Segment Open

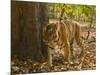 Bengal Tiger, Madhya Pradesh, Bandhavgarh National Park, India-Joe & Mary Ann McDonald-Mounted Photographic Print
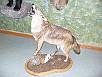 WhiteTail Deer Taxidermy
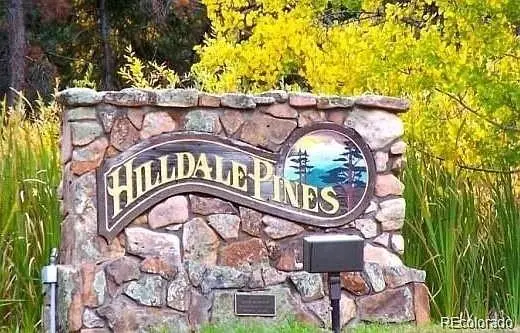 10136 Crest View DR, Morrison, CO 80465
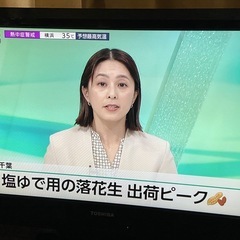 テレビの画像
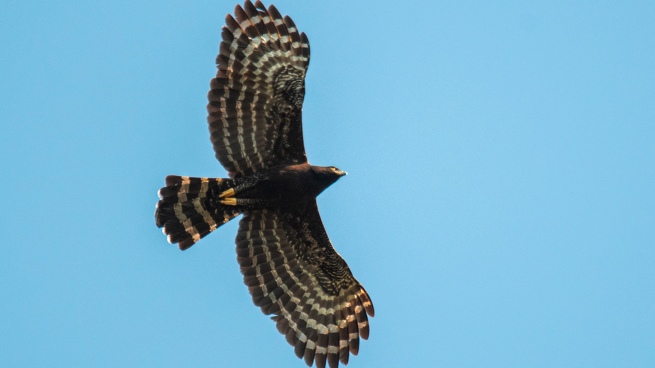 They seek to protect the eagles that inhabit the Paraná jungle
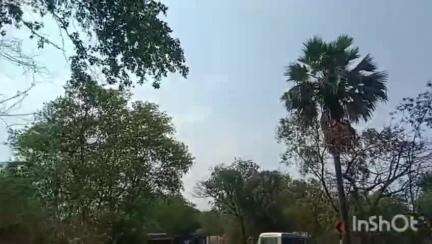 चंदवारा: चंदवारा में हाईवे की चपेट में आने से पत्नी की मौत, पति गंभीर रूप से घायल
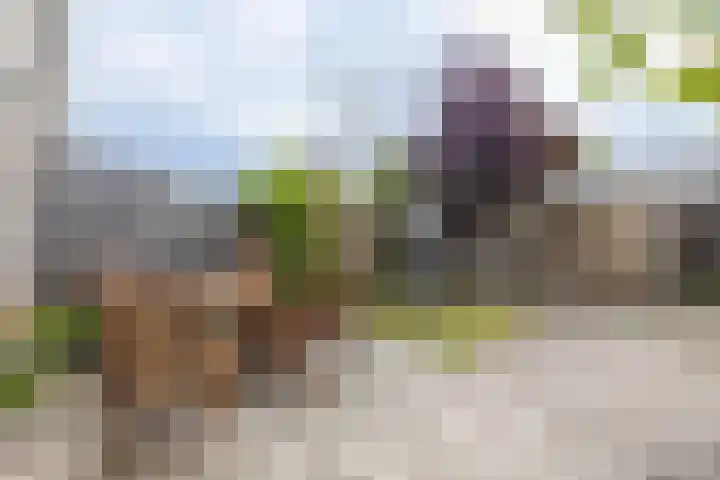 Hamsterborg 11 Almelo thumbnail 20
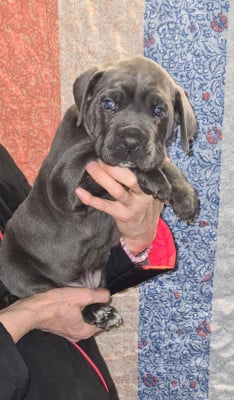Les chiots de Cane Corso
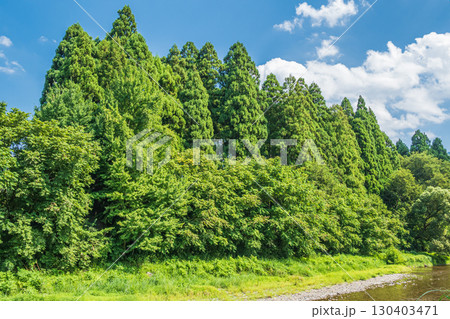 高島市朽木地区を流れる清流北川と針葉樹林　滋賀県 130403471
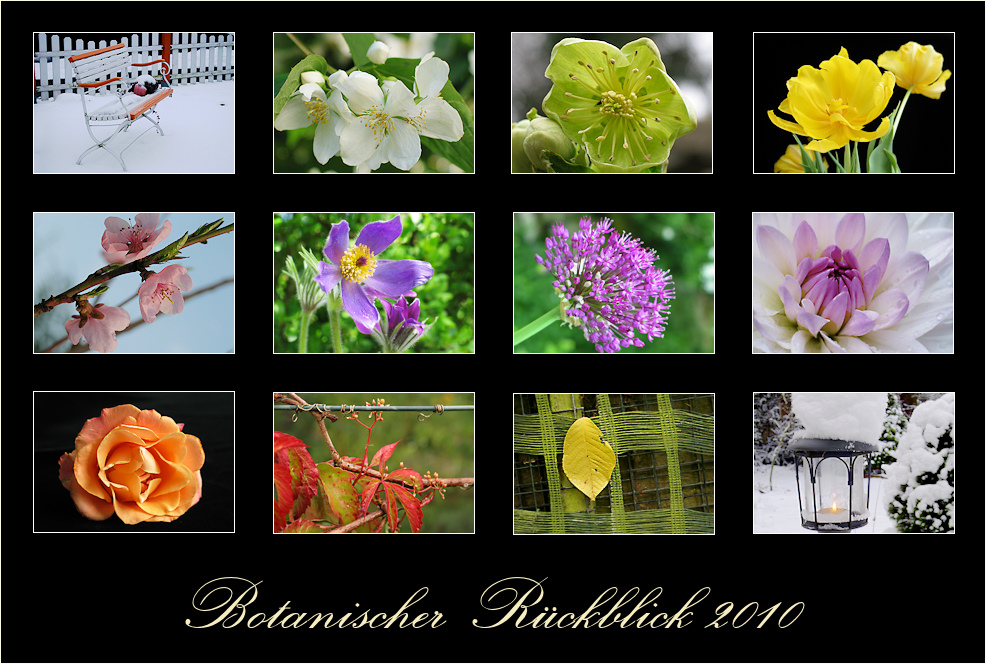 Botanischer Rückblick 2010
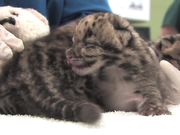Clouded Leopard Cubs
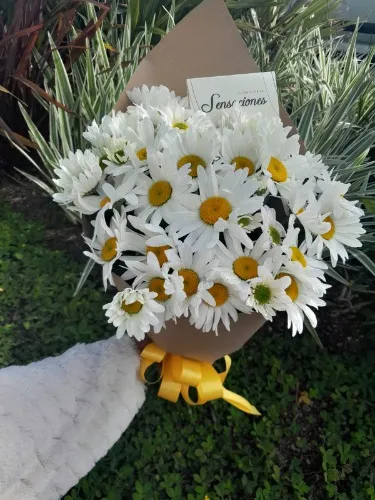 Bouquet of daisies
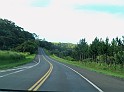 1028_ww.pirulo.br.ms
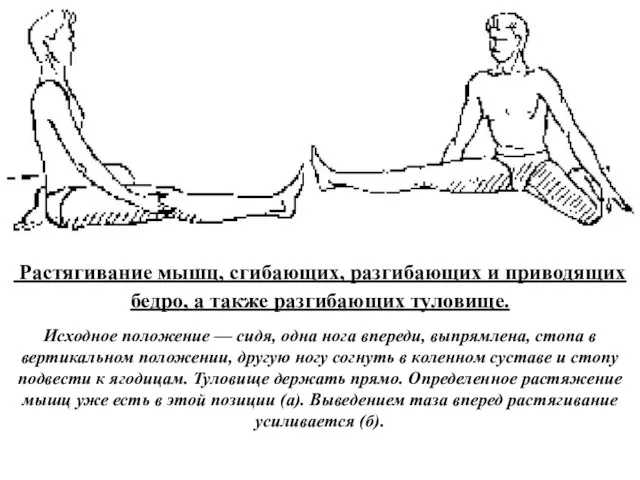 а б Растягивание мышц, сгибающих, разгибающих и приводящих бедро, а также разгибающих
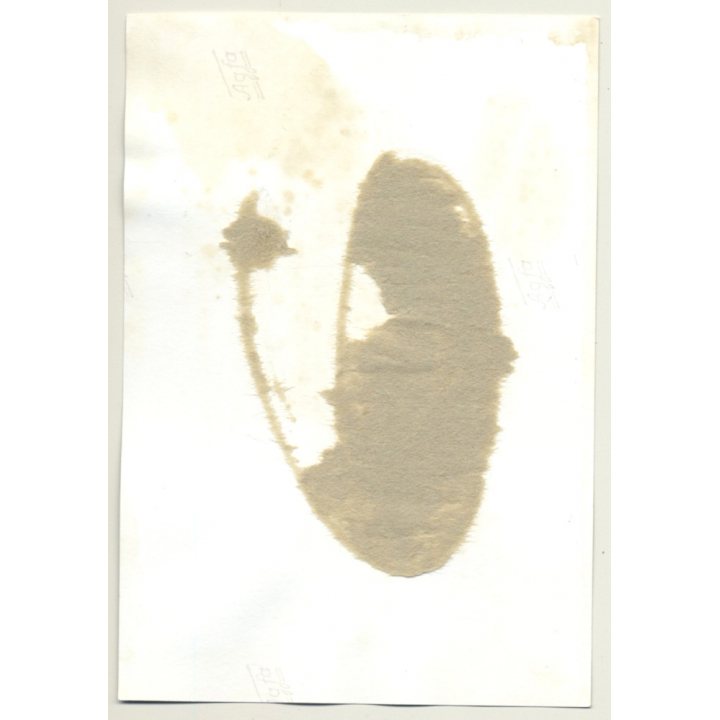 Pretty Blonde Semi Nude On Wagon Wheel / Ball & Chain - BDSM (Vintage Photo GDR ~ 1960s)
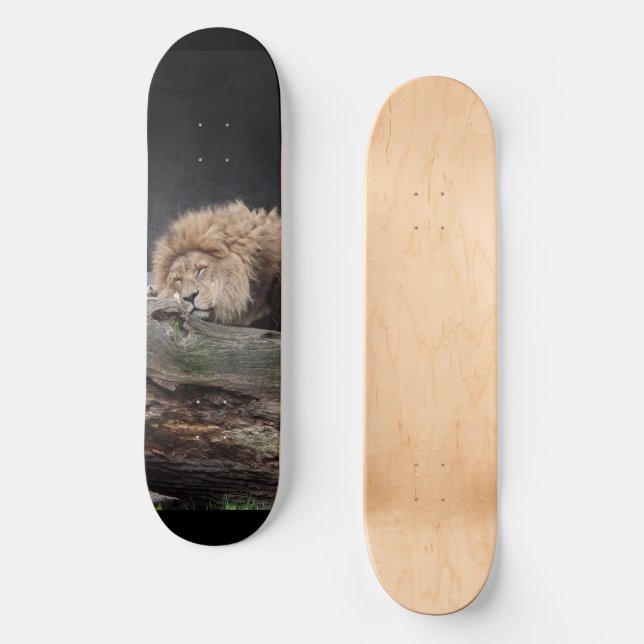 Lion Skateboard (Vorderseite)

Segment Closed

Your assignment:
Every line between the one containing "Bouquet of daisies" and the end of the listing, both included, needs to be retyped exactly, minus the pictures.

Task output:
 Bouquet of daisies
 1028_ww.pirulo.br.ms
 а б Растягивание мышц, сгибающих, разгибающих и приводящих бедро, а также разгибающих
 Pretty Blonde Semi Nude On Wagon Wheel / Ball & Chain - BDSM (Vintage Photo GDR ~ 1960s)
 Lion Skateboard (Vorderseite)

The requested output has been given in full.